Mais comment l'homme peut-il attraper ce virus, alors ? "La transmission du virus aux humains se produit presque exclusivement par voie aérienne, par l'inhalation d'aérosols infectieux (ex. poussières contaminées) provenant des excrétas de rongeurs (excréments, urine, salive). Moins fréquemment, la maladie peut également être transmise par contact direct des muqueuses ou de lésions cutanées avec des matières infectieuses. Elle se produit plus rarement par morsure de rongeurs (via leur salive qui contient le virus) et par la consommation d'aliments ou d'eau contaminés. La transmission de personne à personne n’a jamais été rapportée pour les hantavirus circulant en Europe", répète Sciensano.
Quelle est l'incidence de l'hantavirus en Europe et en Belgique ?

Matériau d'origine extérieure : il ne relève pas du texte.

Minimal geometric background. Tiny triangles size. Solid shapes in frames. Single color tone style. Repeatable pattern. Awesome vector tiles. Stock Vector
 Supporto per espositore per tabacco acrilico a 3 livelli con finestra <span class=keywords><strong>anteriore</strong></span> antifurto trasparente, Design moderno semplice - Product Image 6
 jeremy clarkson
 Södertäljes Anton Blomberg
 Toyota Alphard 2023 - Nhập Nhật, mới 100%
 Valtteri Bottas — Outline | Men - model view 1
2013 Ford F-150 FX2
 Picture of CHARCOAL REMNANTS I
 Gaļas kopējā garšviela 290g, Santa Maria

Les cas d'hantavirus dans nos régions sont rares. La catégorie la plus touchée est l'homme âgé entre 45 et 64 ans: 1,2 cas pour 100.000 personnes (chiffres pour l'Europe, en 2015) :
En Belgique, en 2015, 66 cas seulement ont été signalés. Mais en 2017, il y a une recrudescence dans notre pays: 161 cas, principalement dans les régions proches de la France, où le virus était aussi en hausse. On est alors monté à 1,4 cas par 100.000 habitants. A titre de comparaison, la grippe saisonnière, c'est souvent 300 cas par 100.000 habitants dans nos régions, lors des pics annuels.
En conclusion: ces articles évoquant un mort en Chine du à l'hantavirus ne sont a priori pas des fake news, mais certains médias tirent leurs propres conclusions, soulèvent des questions au lieu d'expliquer, ce qui peut mener à des interprétations alarmistes de la population. Il y a eu quelques rares cas mortels dans le monde ces dernières années (dont un en Chine récemment), mais l'hantavirus ne se transmet que du rongeur à l'homme, ce qui limite grandement sa propagation. Cependant, comme nous sommes en pleine crise de coronavirus, l'information est relayée plus qu'elle ne devrait l'être.